Project Home
Project Home
Wiki
Wiki
Discussion Forums
Discussions
Project Information
Project Info
Forum Topic - qnet delays: (14 Items)
   
qnet delays  
Hi,

I hope this is the right forum for my question.....

I'm using QNX4 to control many of our testbenches on 25 Node network.
Now I plan to switch over to Neutrino.
To test some things (especially qnet), I have connected 2 Neutrino computers called nto1 and nto2 (using a crossover 
connection)

I started qnet (with no options) and I can access nto2  from  nto1.

So far everything is ok, but

- when I call  sin -n nto2 from nto1 the program crashes with a core dump

- when I call  pidin -n nto2   I get the list but sometimes (often) the output stops for about 10 seconds and continues 

after that delay. 

- I have started a small server prog on nto2. Then I connect a client, which runs on nto1, to the server. The client 
sends 1000 requests to the server (message length 4 byte). To see what happens the server prints out the number of the 
current request.  The output stops after a certain number of request  (again for about 10 secs) continues, stops again, 

continues....

What is the reason for that delays?

In the attachment you find some info about my configuration.

Thanks 

Norbert
Attachment: Text qnet.txt 16.27 KB
RE: qnet delays  
Hi Norbert:
	While pidin is the preferred mechanism for getting system
information, sin certainly shouldn't cause a crash.  It's possible that your
program isn't correctly handling one of the messages that sin sends out and
that's what's causing the crash.  That should be pretty easy to debug.

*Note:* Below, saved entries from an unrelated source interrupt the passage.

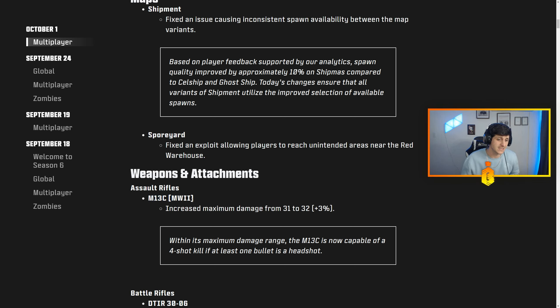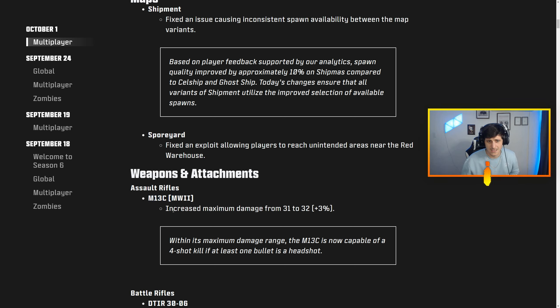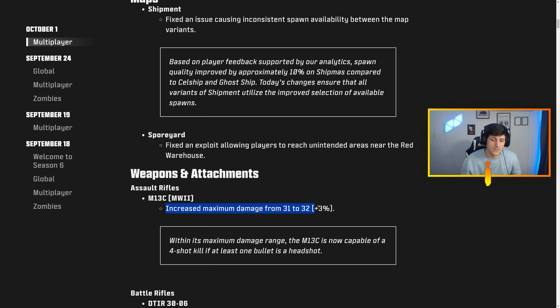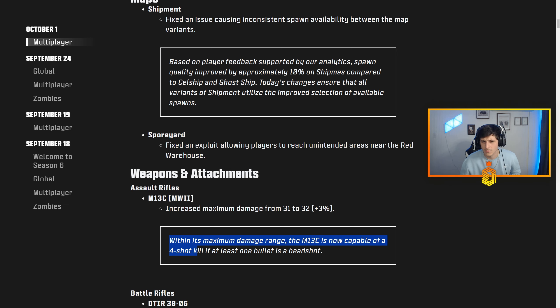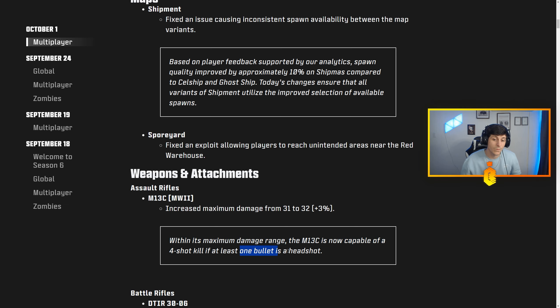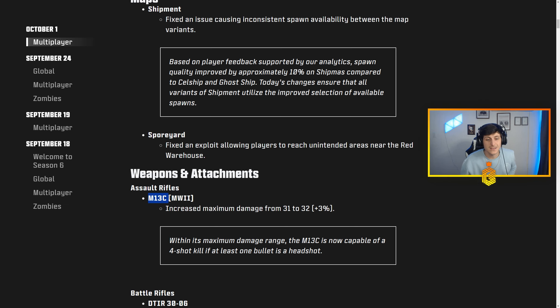Starting off, we got the M13C, so it looks like we are going to be touching some MW2 guns today. Increased maximum damage range from 31 to 32, that's a 3% increase. It says the M13C is now capable of a four-shot kill if at least one bullet is a headshot.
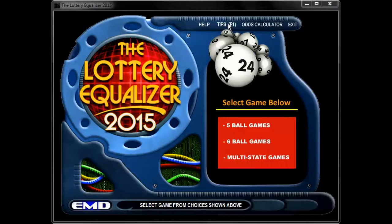Next to that, you have the Odds Calculator, where you can go in for any lottery and figure out what your odds are, and also access other features such as which are the hot balls, which ones are the cold balls, which ones are the most overdue balls, evens versus odds — so many different pieces of data that you can use to build your own algorithm are available on that link. Over here is the Exit button, which ends the program.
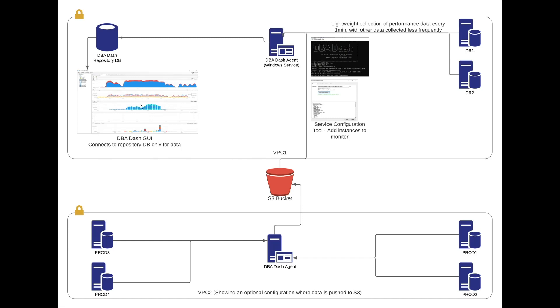Also included is a GUI tool for reporting. This only connects to the DBA-DASH repository database. There's no direct connectivity between the GUI application and your monitored SQL Server instances.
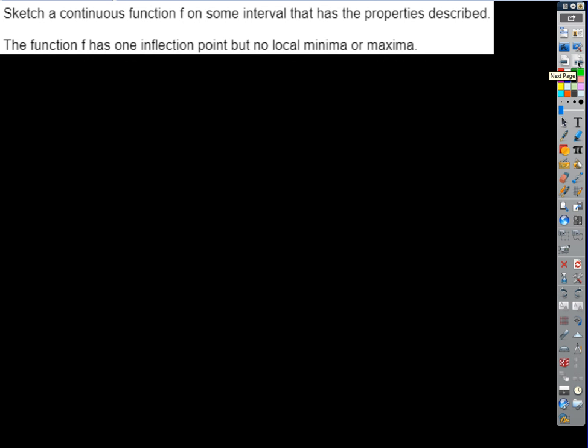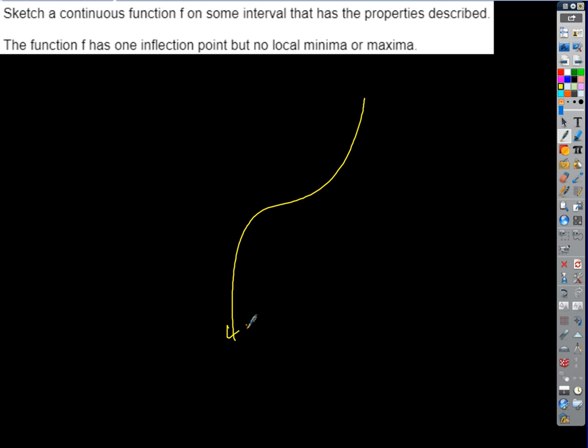Try this real quick, at least in your head: sketch a continuous function on some interval that has one inflection point but no local minima or maxima. It's pretty tough. So it's got one place where we're changing concavity — say from down to up — but there's no extremum.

There certainly appears to be some sort of driver problem on nto2.  I can
see one nicinfo output (which I'm assuming is from nto1?) but not the other.
Have you started up io-net manually or is this through the enumeration
process done at start up?

The nto2 logs show that packets have been sent to the driver to be
transmitted but are not being transmitted and the packet that was requested
to be sent is still "owned" by the driver (hence the "in progress" log...
This typically means that the packet has been placed in the transmit
descriptor ring but hasn't been transmitted).  At this point, qnet sends a
flush request to the driver in order to free up the packet but that doesn't
appear to be having any effect.

If we can have the nicinfo information from nto2 and (if you have them) the
command lines used to start io-net that would help us see if there's a
driver problem.


If you're sending a 1000 requests in short order, another possibility is
that you are running out of buffers. 

You can slay io-net and re-start it as follows to provide more buffers to
the driver

sloginfo -c 
io-net -di82544 receive=2048,transmit=2048,verbose -pqnet

(you may also have to add the -ptcpip option if you need IP connectivity as
well)

Run through your tests and then do another "sloginfo" on both nodes and see
if there are any driver error messages printed out.


	Robert.


-----Original Message-----
From: Norbert Wassmer [mailto:norbert.wassmer@de.bosch.com] 
Sent: Monday, December 17, 2007 6:19 AM
To: technology-networking
Subject: qnet delays

Hi,

I hope this is the right forum for my question.....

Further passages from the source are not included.